## THE PROBLEM:
Please output every line of the material as it stands, without the pictures.

## DATASET EXTRACT:

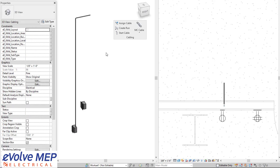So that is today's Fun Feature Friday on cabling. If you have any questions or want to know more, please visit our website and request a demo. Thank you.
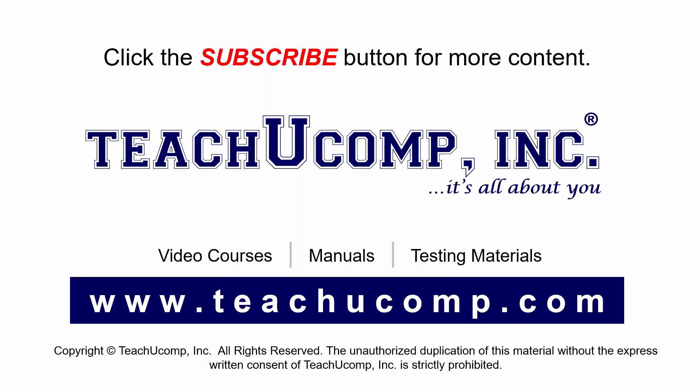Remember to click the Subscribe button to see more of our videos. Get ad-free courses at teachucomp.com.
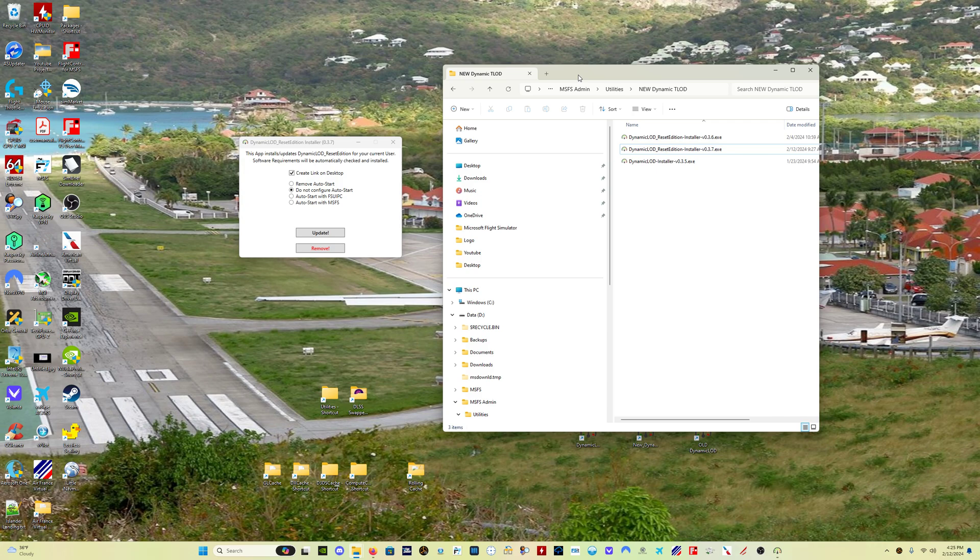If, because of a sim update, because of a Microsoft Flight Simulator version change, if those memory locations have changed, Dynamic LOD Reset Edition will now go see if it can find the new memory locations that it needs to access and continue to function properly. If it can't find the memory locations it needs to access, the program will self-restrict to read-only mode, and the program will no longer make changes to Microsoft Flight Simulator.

## OUTPUT OF THE TASK:
So that is today's Fun Feature Friday on cabling. If you have any questions or want to know more, please visit our website and request a demo. Thank you.
Remember to click the Subscribe button to see more of our videos. Get ad-free courses at teachucomp.com.
If, because of a sim update, because of a Microsoft Flight Simulator version change, if those memory locations have changed, Dynamic LOD Reset Edition will now go see if it can find the new memory locations that it needs to access and continue to function properly. If it can't find the memory locations it needs to access, the program will self-restrict to read-only mode, and the program will no longer make changes to Microsoft Flight Simulator.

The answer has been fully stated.